Raimundo Pereira Miranda Neto, Lara Maria Bataglia Espósito, Francisco Costa da Rocha, Antônio Anchieta Sousa Filho, Jefferson Hermann Gomes Silva, Eulália Caroline de Sousa Santos, Bruna Lorena Soares Cavalcante Sousa, Ketlhen Ravena Rodrigues dos Santos Gonçalves, Adriana Sanches Garcia-Araujo, Michael R. Hamblin, Cleber Ferraresi


Photobiomodulation therapy (PBMT) has been widely used to improve strength, fatigue resistance and increase muscle mass in healthy individuals. These effects could help critically ill patients admitted to intensive care units (ICUs) who show reduced mobility and muscle strength. ICU-acquired weakness lessens overall health and increases the patient’s length of stay in the ICU.

This study evaluated the effects of PBMT using low intensity light-emitting diodes (LEDs) on the mobility and muscle strength (functional capacity) and length of stay of patients admitted to hospital ICU.

This randomized, triple-blind, sham-controlled trial was conducted in a hospital ICU. Sixty patients were randomly assigned to two equal groups: (a) PBMT and (b) Sham. PBMT was applied daily to patients until their discharge from the ICU, using a flexible neoprene array of 264 LEDs (120 at 635 nm, 1.2 mW each; 144 at 880 nm, 15 mW each) for 90s (207.36 Joules) at each site. Ten sites were located bilaterally on the thighs, legs, arms, and forearms ventrally and dorsally, 15 min totaling 2,073.6 Joules per session. Outcomes were length of stay (in h) until discharge from the ICU, muscle strength by the Medical Research Council (MRC) score and handgrip dynamometry (HGD), patient mobility by Intensive Care Unit Mobility Scale (IMS) and the Simplified Acute Physiology Score 3 (SAPS 3) for predicting mortality of patients admitted to the ICU.
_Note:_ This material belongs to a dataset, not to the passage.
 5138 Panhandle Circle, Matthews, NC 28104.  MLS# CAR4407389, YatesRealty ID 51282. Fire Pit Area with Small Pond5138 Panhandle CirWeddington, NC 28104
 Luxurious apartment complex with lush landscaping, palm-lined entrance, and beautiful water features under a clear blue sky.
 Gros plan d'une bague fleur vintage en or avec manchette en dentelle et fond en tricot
PBMT reduced the average length of stay in the ICU by ~30% (p = 0.028); increased mobility (IMS: 255% vs. 110% p = 0.007), increased muscle strength (MRC: 12% vs. −9% p = 0.001) and HGD (34% vs. −13% p < 0.001), and the SAPS3 score was similar (p > 0.05).

The results suggest that daily PBMT can reduce the length of stay of ICU patients and increase muscle strength and mobility.